When such issues appear repeatedly, it is advisable to start documenting all communication and reviewing your trading records carefully.
Regulatory authorities such as the Securities and Exchange Board of India require brokers to follow strict compliance and documentation standards.
If these obligations are violated, investors have the right to file a formal complaint and seek resolution through the appropriate regulatory channels.
How to Report a Complaint Against a Stock Broker Online?
If you suspect irregular brokerage activity, following a clear and structured complaint process can help ensure that your grievance is properly examined.
Keeping records and approaching the issue step by step improves the chances of reaching a fair resolution.
Below are the main steps investors should follow when reporting such concerns:
1. Compile Relevant Evidence
Begin by collecting all documents connected to the disputed transactions. This may include contract notes, trading statements, email exchanges, chat conversations, call recordings, and any written instructions provided to the broker.
Having organised evidence helps demonstrate exactly what happened and makes it easier for authorities to evaluate your complaint.
2. Communicate with the Broker
Before escalating the matter, contact the brokerage firm’s official customer support or grievance redressal team. Clearly explain the issue and share copies of the supporting documents.
Many brokers attempt to resolve customer complaints internally, and in some cases, the issue may be corrected or clarified during this stage.
3. Register a Complaint in SCORES
If the response from the broker is unsatisfactory or the problem remains unresolved, you can file a complaint on the SCORES platform managed by the Securities and Exchange Board of India.
Once submitted, the regulator forwards the complaint to the broker and requires them to respond within the specified timeframe.
4. Escalate Through ODR and Arbitration
If the issue still remains unresolved after the SCORES process, investors can first lodge a complaint in SMART ODR, which is the platform used for resolving disputes with market intermediaries.
If the matter is not settled through this stage, it can then proceed to arbitration in the Stock Exchange.
During arbitration, an independent arbitrator reviews the case, examines the submitted evidence, and gives a decision based on the applicable rules and regulations.
Need Help?
Challenging a brokerage firm may feel intimidating, especially when dealing with complex financial documentation.
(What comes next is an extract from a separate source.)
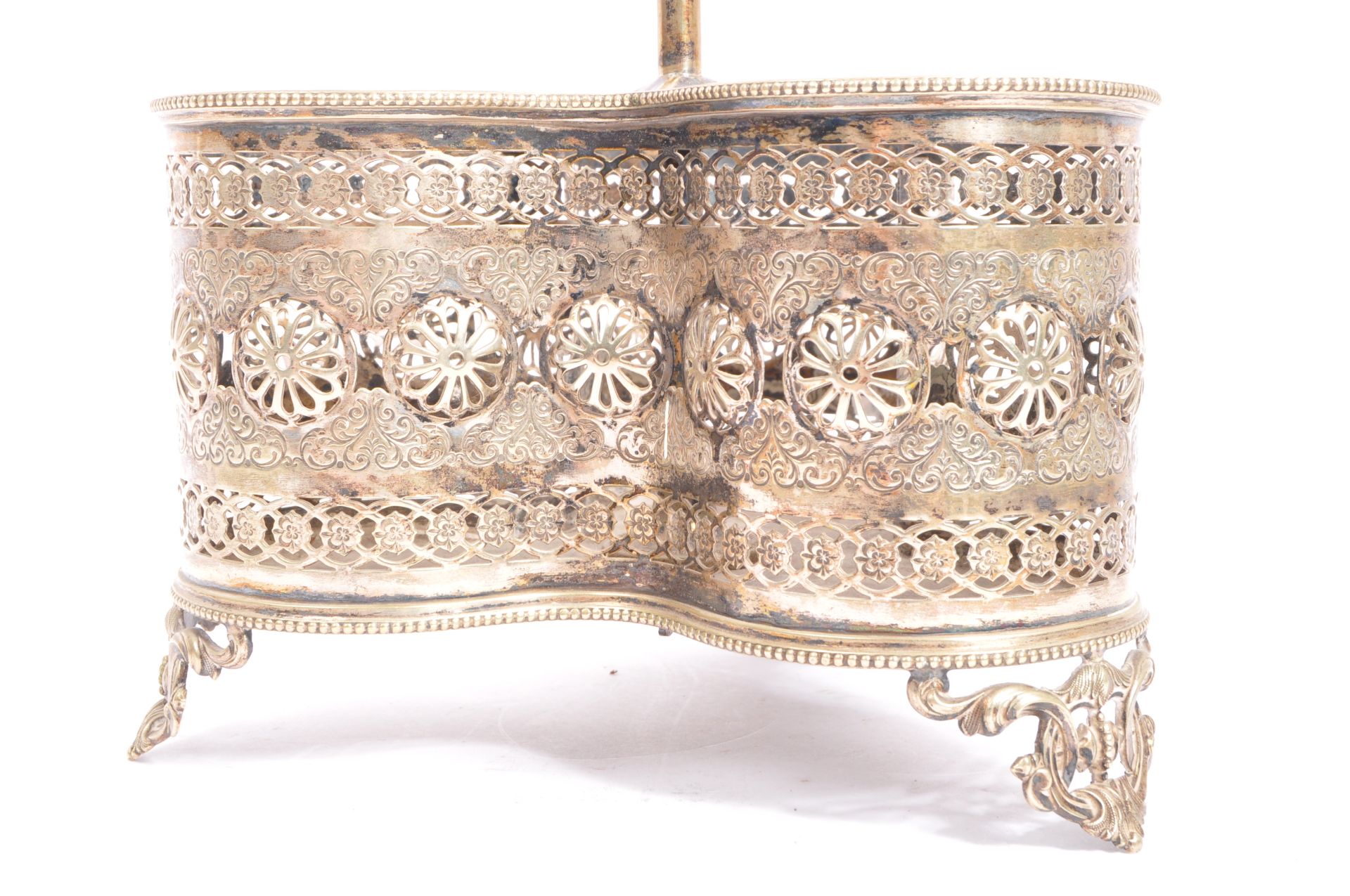 19TH CENTURY 1853 ANGLO-INDIAN SILVER PLATED TANTALUS - Image 3 of 4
However, you do not have to handle the process by yourself. Register with us.
We can assist you in identifying irregularities in your ledgers, collecting relevant evidence, and preparing the necessary complaints.
Our team can also support you during discussions and proceedings with the concerned authorities.
Contact us today and let us help you pursue the right course of action.
Conclusion
In conclusion, PhonePe Wealth Broking offers a convenient and accessible platform for investors, but the complaint data suggests that certain concerns still persist.
While the overall number of complaints has declined, the drop in resolution rates and the continued dominance of excess charge complaints may indicate areas that require closer attention.
Monitoring transactions carefully and taking prompt action can help protect investments and ensure that brokerage practices remain fair and transparent.